The sculpture is one of a series of works Brown began making in 1999 using his wife as a model. All the works are made to scale using Yoko Brown’s exact measurements; the sculptures vary between half and three-quarter scale. They are all cast in the same white acrylic composite resin but the figure is variously dressed and posed in each. In some versions she stands more provocatively in high heels with her hands on her hips; in others she is more demurely dressed in underwear; in one she is completely covered in a sheet-like veil. Yoko VIII is arguably the most subtle of the series to date; the figure’s inward focus gives the sculpture a quiet, meditative quality.
Writing about the Yoko series in the third person, Brown has acknowledged his influences, saying, ‘With this project Brown pursues a sculptural ideal, a perfection of the figure that looks to the formalism of classical sculpture from ancient Greece, contemplative religious sculpture from the East and the more animated sexiness of eighteenth and nineteenth century allegorical sculptures. Unlike classical portraiture, which was nearly always in bronze or marble, Yoko is not represented as a pompously elevated individual but more as a universal everywoman’ (unpublished artist’s statement, 2002).

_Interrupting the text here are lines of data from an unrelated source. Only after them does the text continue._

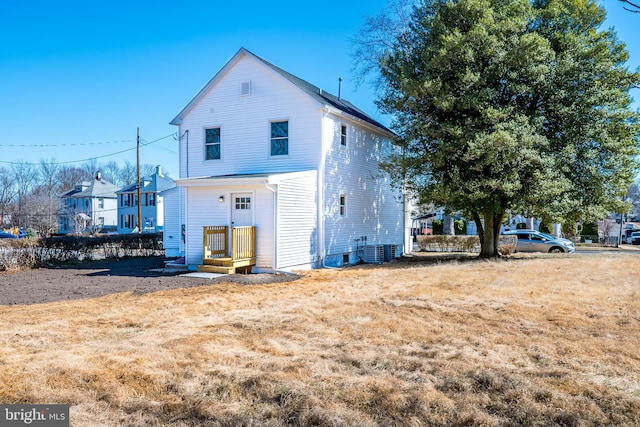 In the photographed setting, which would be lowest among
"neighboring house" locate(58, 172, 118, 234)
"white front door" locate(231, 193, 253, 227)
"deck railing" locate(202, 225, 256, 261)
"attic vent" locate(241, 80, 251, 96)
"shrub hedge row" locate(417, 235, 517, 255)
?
"shrub hedge row" locate(417, 235, 517, 255)

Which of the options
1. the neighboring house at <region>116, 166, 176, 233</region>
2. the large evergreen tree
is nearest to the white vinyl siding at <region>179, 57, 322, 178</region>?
the large evergreen tree

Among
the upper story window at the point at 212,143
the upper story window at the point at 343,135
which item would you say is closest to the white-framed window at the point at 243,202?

Brown combines high and low cultural references. The slim form and precise stance of Yoko VIII
recall Little Dancer Aged Fourteen, 1880-1 (Tate N06076) by Edgar Degas (1834-1917), which also replicates a female figure on a reduced scale. The pristine finish of the Yoko sculptures situates them in a fine art tradition and their clean white surface refers to the marble of classical and neo-classical sculpture. The small scale and variation of the works recall porcelain figurines or children’s dress-up dolls.
Brown’s previous work also played with archetypal forms and miniature scale. In the early 1990s he made a number of works based on the figures used by architects to populate architectural models and thereby indicate human scale. Before the Yoko series, Brown made a series of half-scale self-portraits all called Don. Each work in that series was cast from the same mould, showing the artist in casual clothes and relaxed stance, and was painted in a different high-gloss colour. The replicated figures and artificial colours recall the yellow multiple Madonna, 1982 by Katharina Fritsch (born 1956). Brown is also known for digital photographs made in collaboration with Stephen Murphy which depict imaginative landscapes.
Further reading:
David Barrett, ‘Don Brown; John Coplans’, Art Monthly, no.210, October 1997, pp.34-6.
Mark Durden, ‘Don Brown and Stephen Murphy’, Creative Camera, no.339, April/May 1996, p. 36.